Where's my "Space Force" Pam and Jim?
Who's the "Space Force" Dwight?
Will Carell's General Mark R. Naird be nothing more than a space-travelling Michael Scott?
Carell, Daniels, the writers, and a supporting cast that includes John Malkovich, Ben Schwartz, Diana Silvers, and Tawny Newsome, need to find a way to keep some nostalgia in the air while also keeping viewers guessing.

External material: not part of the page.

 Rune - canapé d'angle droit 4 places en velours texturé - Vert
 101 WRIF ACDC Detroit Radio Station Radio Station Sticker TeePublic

Who knows? Could definitely see the show's success having an impact on a The Office reunion/reboot – good and bad.
#21 – Quibi
Okay, we know we're breaking our own format here – but Quibi demands it. On April 6, 2020, the short-form mobile video service comes to life – and it will be one of the greatest breakthroughs in the history of television… or join the ranks of "New Coke", MySpace, and attempts to make "fetch" a thing.

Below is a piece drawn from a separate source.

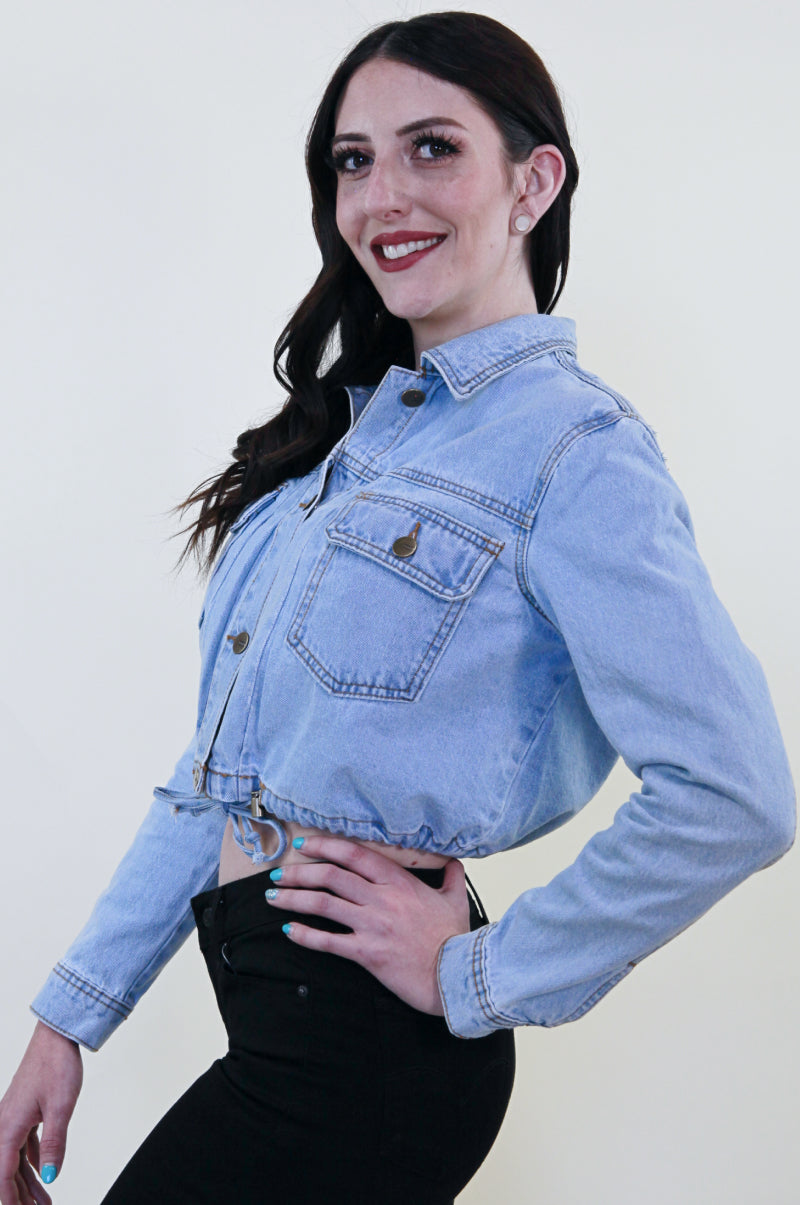 Mono B Drawstring Cropped Denim Jacket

We stand on the side of "breakthrough" – for several reasons.
First, look who's backing it. Founded in 2018 by entertainment industry powerhouse Jeffrey Katzenberg and with corporate powerhouse Meg Whitman serving as CEO, Quibi hit the ground running with $1B and buy-ins from all the major Hollywood studios, including: The Walt Disney Company, NBCUniversal, Sony Pictures, WarnerMedia, Liberty Global, ViacomCBS, and Alibaba Group.
Second, look at the variety and creative forces behind the nonstop programming announcements. From Steven Spielberg-penned horror series Spielberg's After Dark to a new season of Reno 911!… from Curtis "50 Cent" Jackson's animated adaptation of comic book Trill League to a modern take on MTV's Singled Out… there's more than a little something on the service for everyone.
Third, the multi-tasking wannabe geek is an untapped market with a ton of potential. Forget binge-watching – sometimes, just watching a single episode is difficult. But smaller, more digestable "bites" of creative content? The kind that can be consumed on a lunch break or during a brief evening down time? That's an attractive option – and with the brand names attached, the viewers need very little "learning curve" to transition. You trust Spielberg's work? Then it should be a no-brainer watching his show here – at least Quibi hopes that's how you think.
Biggest problem? Is Quibi ready to handle the backlash to its success if it does work? Imitation may be the highest form of flattery – but not when it comes at the expense of the bottom line. A number of the studios backing Quibi also have streaming services of their own to promote, so Quibi's success could be just the thing for Disney+, Peacock, HBO Max, and others to start up their own library of short-form content.